Academic Absurdity of the Week: Say What?

Now that the dust is finally settling on the election (except for the Jill Stein recount dustup), we can get back to our regular Monday spotlight on random acts of academic absurdity. Like the following article from the journal Human Relations, which seems designed to make any intelligible relation between a human reader and the text impossible:

Gender as multiplicity: Desire, displacement, difference and dispersion

Stephen Linstead, University of York, UK, and Alison Pullen, University of Technology, Sydney, Australia.

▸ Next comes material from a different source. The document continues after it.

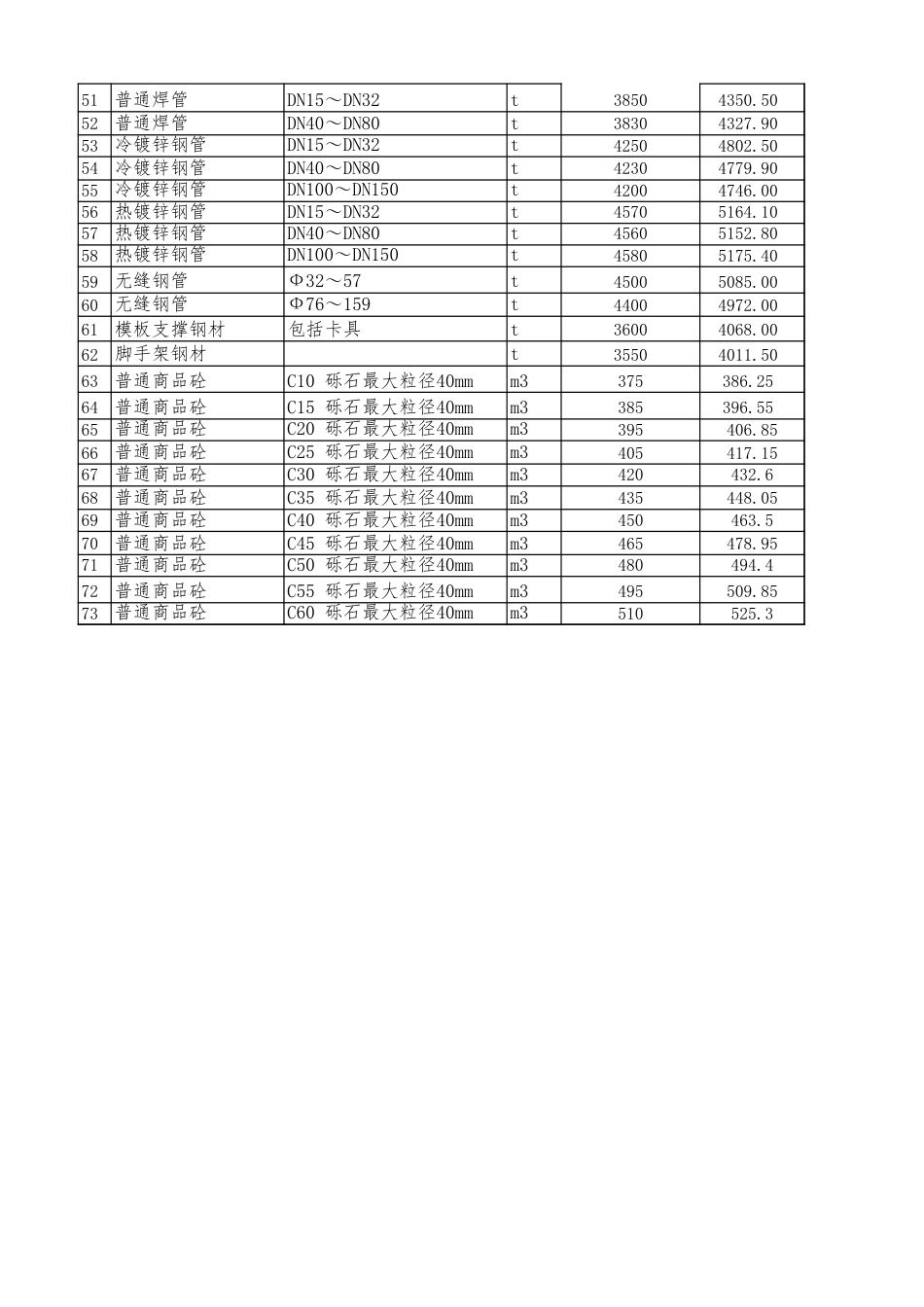 绵阳市区2025年08月材料价格信息-信息价.xls_第2页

This article argues that although gender is no longer widely considered to be a property of individuals, the alternative of viewing it in terms of performativity, where it is the outcome of linguistic and social performances, unnecessarily limits the possibilities of thinking of gender as a form of multiplicity that is both internally and externally differentiated. Any attempt to move beyond binary thinking in gender relations initiates a consideration of multiplicity, and the way in which multiplicity is conceptualized exerts a critical influence on the possibilities that are opened up. This article interrogates existing understandings of multiplicity and finds three actual or possible types – multiplicities of the same, characteristic of feminist approaches which we critique through a reconceptualization of desire; multiplicities of the third, characterized by anthropological, transgender and queer theory approaches; and multiplicities of difference and dispersion, typified by the rhizomatics and fluid theorizing of Deleuze and Guattari, Grosz and Olkowski. We propose an ontology of gender as a creative and productive form of desire, realized as proliferation in Deleuze and Guattari’s model of the rhizome. Gender identity is accordingly rethought as immanence, intensity and consistency.

Got all that? Yeah, it seems like satire to me, too, but just in case, better order up a new batch of the old Voegelin t-shirts that warn, “Don’t let THEM immanentize the eschaton.”